EXERCISE GOAL:
Copy each line of the records exactly, stopping only after the line that contains "Forex concept : Candlestick" has been written, and leave pictures out.

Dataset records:
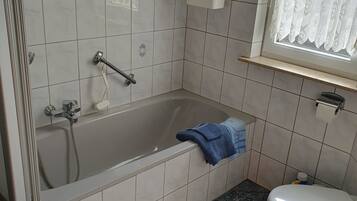 A bathroom with a bathtub, toilet, and a window with a lace curtain.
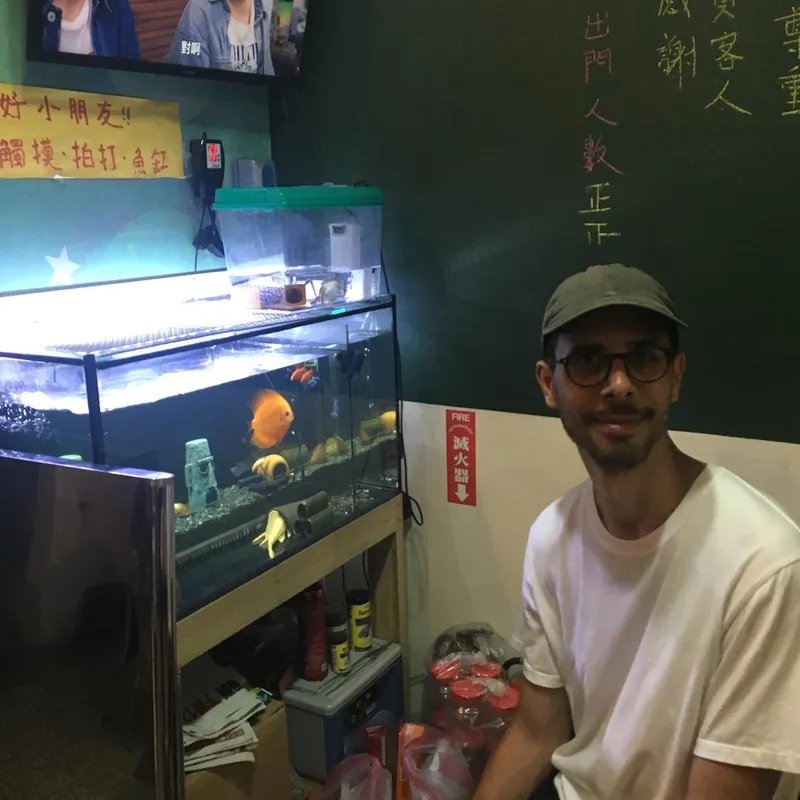 A man in a cap and glasses smiling next to a fish tank with orange discus fish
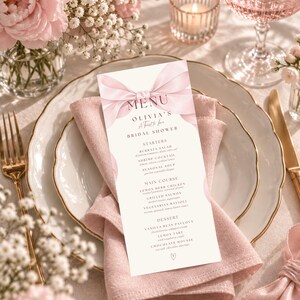 May include: A tall, rectangular menu card for a bridal shower featuring a soft pink ribbon illustration at the top. The text reads: MENU, OLIVIA'S, A Toast to Love, BRIDAL SHOWER, STARTERS, MAIN COURSE, and DESSERT, followed by various food items.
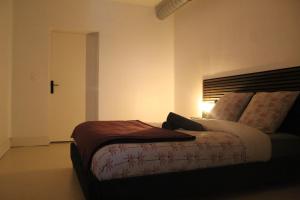 a bedroom with a bed with a cross on the wall at Troglodyte Baths natural coolness in Saint-Étienne-de-Chigny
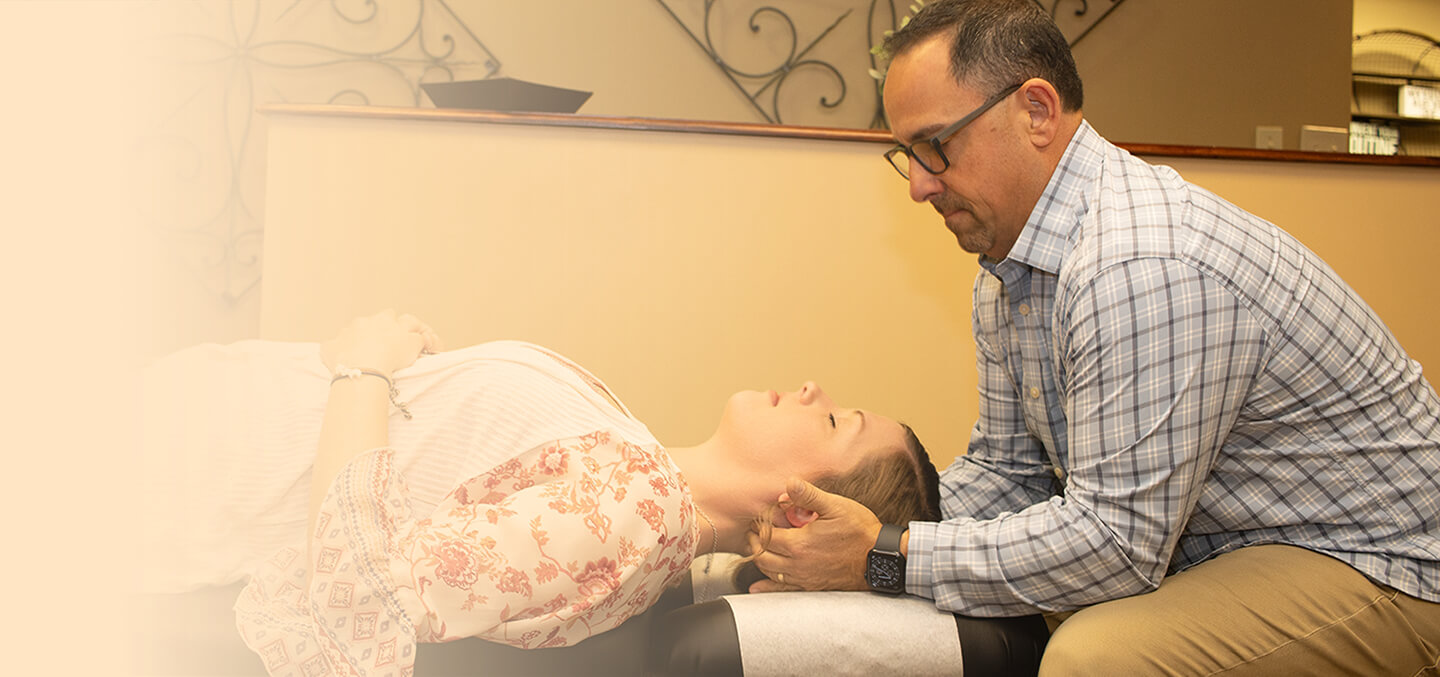 Dr. Jason Cerutti adjusting patint's neck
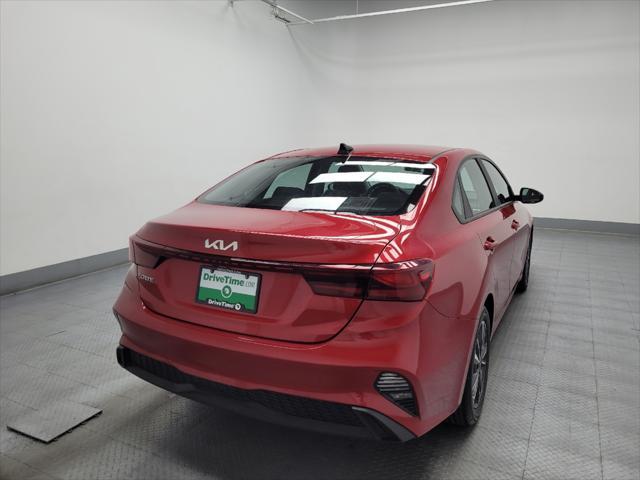 Photo of 2023 Currant Red Kia Forte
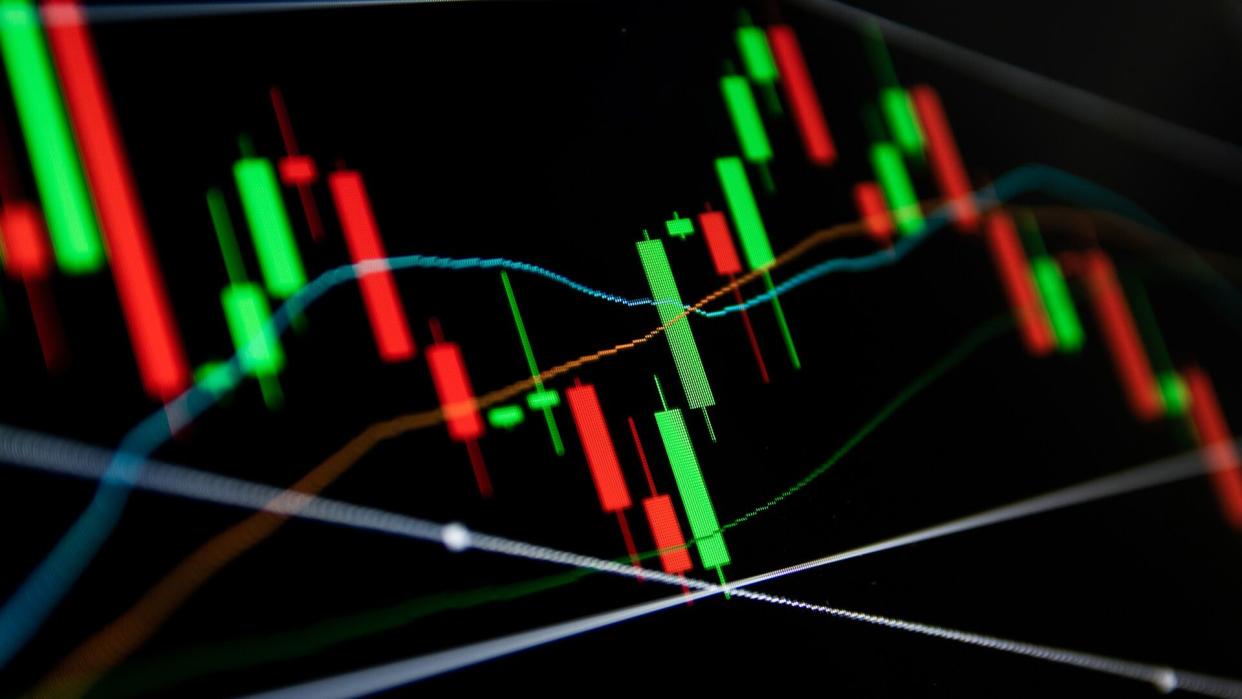 Forex concept : Candlestick chart red green in financial market for trading on black color background.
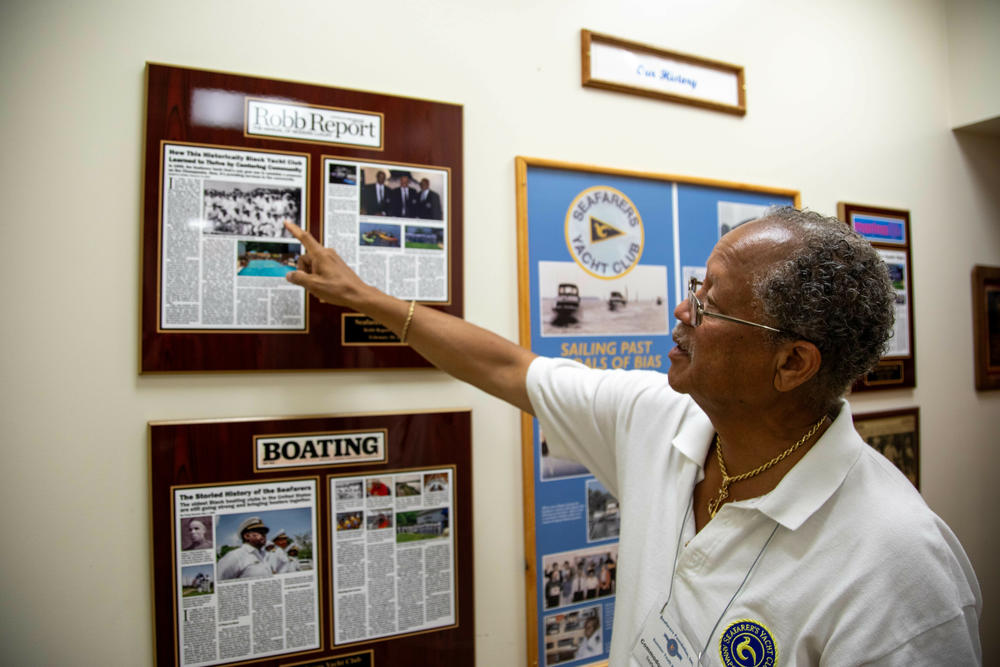 McCottry points to multiple articles written about the Seafarers Yacht Club.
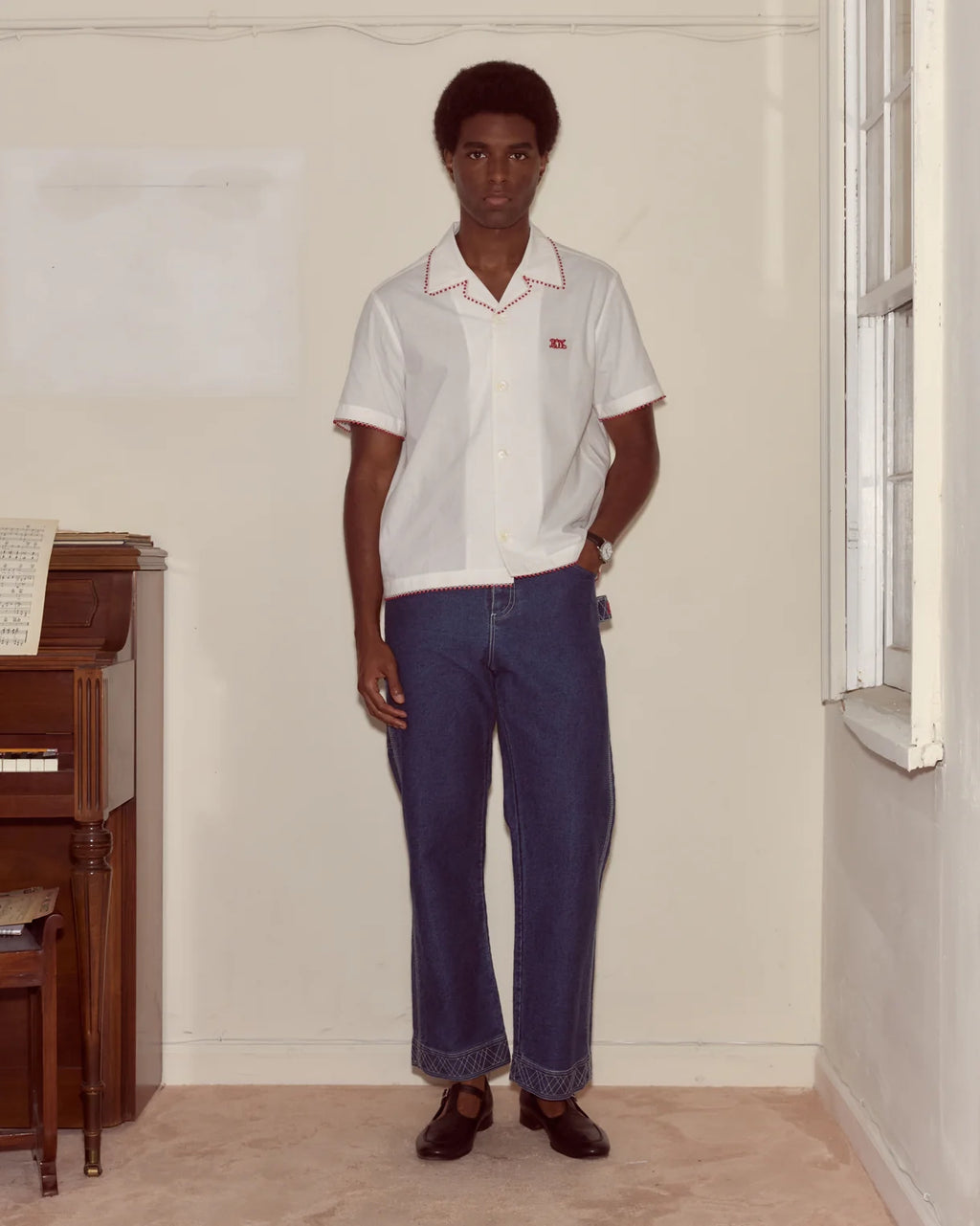 Person wearing a white polo shirt and blue jeans standing in a room with a piano.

PROBLEM SOLUTION:
 A bathroom with a bathtub, toilet, and a window with a lace curtain.
 A man in a cap and glasses smiling next to a fish tank with orange discus fish
 May include: A tall, rectangular menu card for a bridal shower featuring a soft pink ribbon illustration at the top. The text reads: MENU, OLIVIA'S, A Toast to Love, BRIDAL SHOWER, STARTERS, MAIN COURSE, and DESSERT, followed by various food items.
 a bedroom with a bed with a cross on the wall at Troglodyte Baths natural coolness in Saint-Étienne-de-Chigny
 Dr. Jason Cerutti adjusting patint's neck
 Photo of 2023 Currant Red Kia Forte
 Forex concept : Candlestick chart red green in financial market for trading on black color background.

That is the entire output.